In addition, a bed piece 380 for supporting the weight of the body is further provided on the upper surface of each upper link frame 310 . The bed piece 380 may be, for example, a cushion material in which a waterproof coating is finished on the outside of a sponge, or a hard wooden material without a cushion feeling.

Meanwhile, FIG. 4 is an enlarged perspective view of main parts of an elevating link module according to another embodiment of the present invention, and FIG. 5 is an exploded perspective view of FIG. 4 . 4 and 5 are other embodiments of FIGS. 2 and 3 described above, and illustrate that the elevating link module of the present invention is implemented in the form of a quadruple parallelogram link.

More specifically, the quadruple parallelogram link is a structure in which three links are shared between each parallelogram link, and the third link piece 360 and the fourth link piece 370 are added to the structure of the double parallelogram link described above. ) has an added configuration. Accordingly, coupling ribs 314 and 315 and coupling shafts 361 and 371 for link coupling the third and fourth link pieces 360 and 370 are further formed in the upper link frame 310, respectively.

Therefore, as described in one embodiment, the phase offset link piece 330 is driven according to the driving of the servo motor 390 coupled to the satellite offset link piece 330, and accordingly the phase offset link piece 330 The linked first to fourth link pieces 340, 350, 360, and 370 are also moved simultaneously.

The quadruple parallelogram link structure is more stable in terms of load bearing and operation reliability as it is supported by more link pieces than the double parallelogram link structure.

Figure 6 is a schematic state diagram for explaining the link operation of the lifting and lowering link module of Figure 4, (a) is a normal motion state in the case of a single parallelogram link, (b) is abnormal due to the occurrence of a turning point in (a) The motion state (c) is a normal motion state in which the occurrence of a turning point is prevented by applying a double parallelogram link according to the present invention.

Hereinafter, looking at the link operation of the elevating link module according to the present invention with reference to FIG. 6, FIG. 6a attached first illustrates the case of a single parallelogram link to which the present invention is not applied. In this case, in the normal motion state, most of the links perform normal motion while maintaining the structure of the parallelogram link as a whole.

However, as shown in FIG. 6B, in the single parallelogram link structure of FIG. 6A, a change point problem in which the driven link does not properly follow the movement of the driving link in one direction may occasionally occur.

Here, the turning point is a phenomenon in which all links are placed on a straight line as shown in FIG. 6B. When such a turning point occurs, the motion of the output link becomes unpredictable.
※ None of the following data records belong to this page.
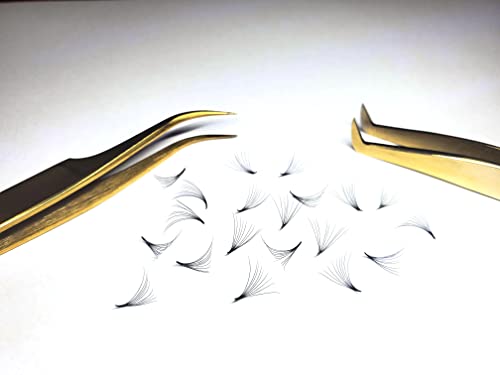 1000 Premade volume fans Mixed 4 lengths 9-12 | 11-14 | 13-16 CC, D Curl Wispy Handmade eyelash extensions supplies Russian volume lash promade fan 4D 5D 6D 10D (9mm - 12mm, 5D - 0.07 - D)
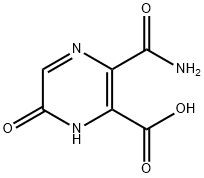 3-CARBAMOYL-6-HYDROXYPYRAZINE-2-CARBOXYLIC ACID Struktur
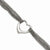 Stainless Steel Multi-Row Chain with Heart Toggle Bracelet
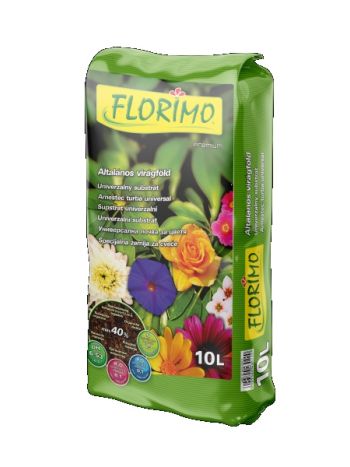 FLORIMO általános virágföld 10 l 216db/raklap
In this case, unlike the normal motion in FIG. Abnormal movements that generate shock and vibration occur.

Accordingly, it is proposed to apply multiple parallelogram links in the form of connecting and installing at least two parallelogram links to the link in the elevating link module according to the present invention in order to fundamentally prevent the occurrence of such a turning point.

As an example of such a multiple parallelogram link, a double parallelogram link may be applied as described above in FIGS. 2 and 3, and an example thereof is schematically shown in FIG. 6C.

In the double parallelogram link shown in FIG. 6C, the coupling axis 331 of the shared link located at the center, that is, the phase offset link piece 330, is lower on the horizontal line than the coupling axes 341 and 351 of the other links on the left and right. It has the form of a located phase offset link.

Therefore, during the circular motion of the double parallelogram link, the occurrence of a turning point is prevented by the phase offset link piece 330, and accordingly, the occurrence of abnormal motion is prevented.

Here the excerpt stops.